> [Records]

════════

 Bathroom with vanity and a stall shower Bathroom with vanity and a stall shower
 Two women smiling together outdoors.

════════

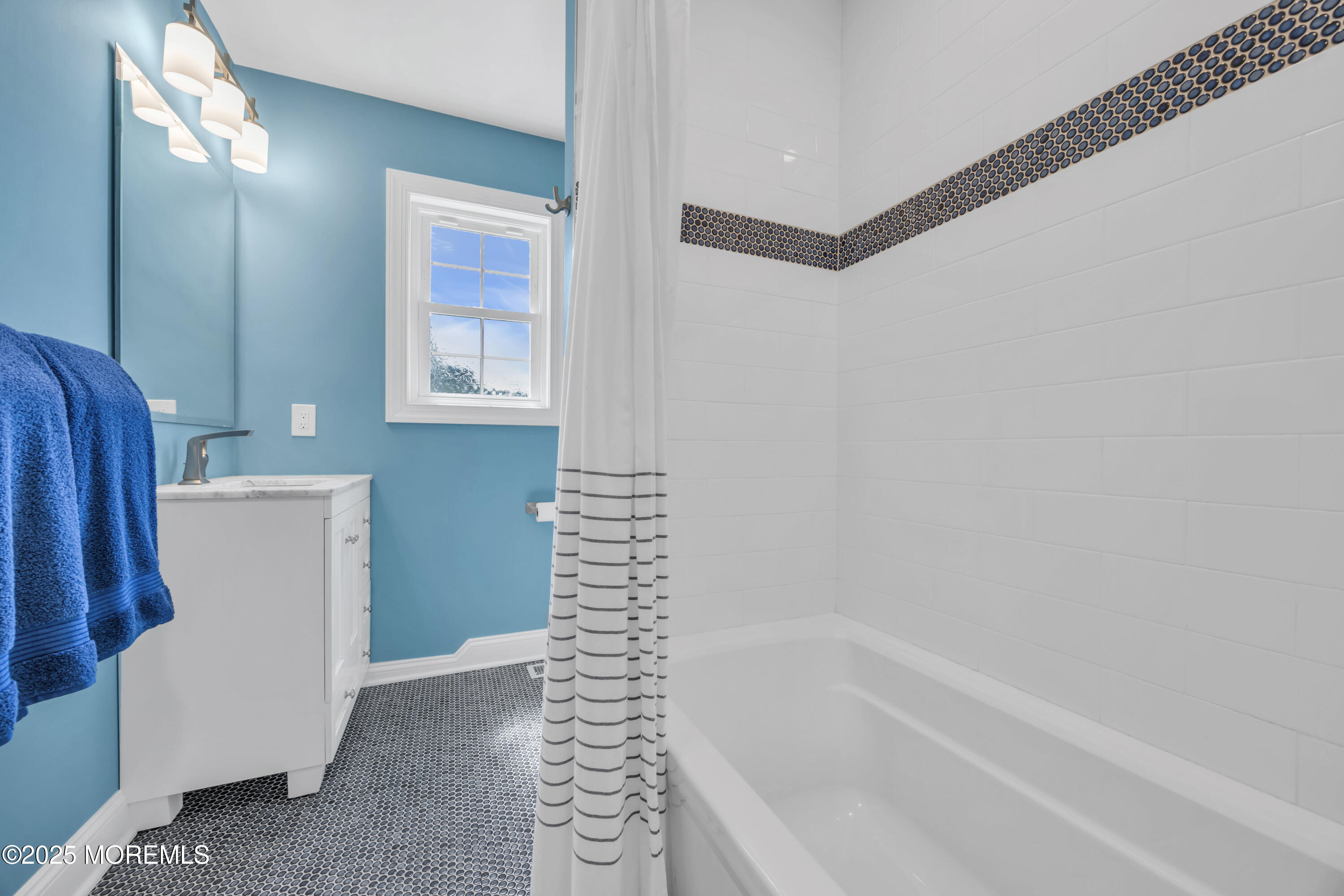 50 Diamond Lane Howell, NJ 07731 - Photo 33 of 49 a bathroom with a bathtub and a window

════════

> [Task statement] Write out exactly the lines that fall from the line with "Bathroom with vanity and a stall shower Bathroom" to the line with "Two women smiling together outdoors." in the records above, keeping both ends.

> [Solution]
 Bathroom with vanity and a stall shower Bathroom with vanity and a stall shower
 Two women smiling together outdoors.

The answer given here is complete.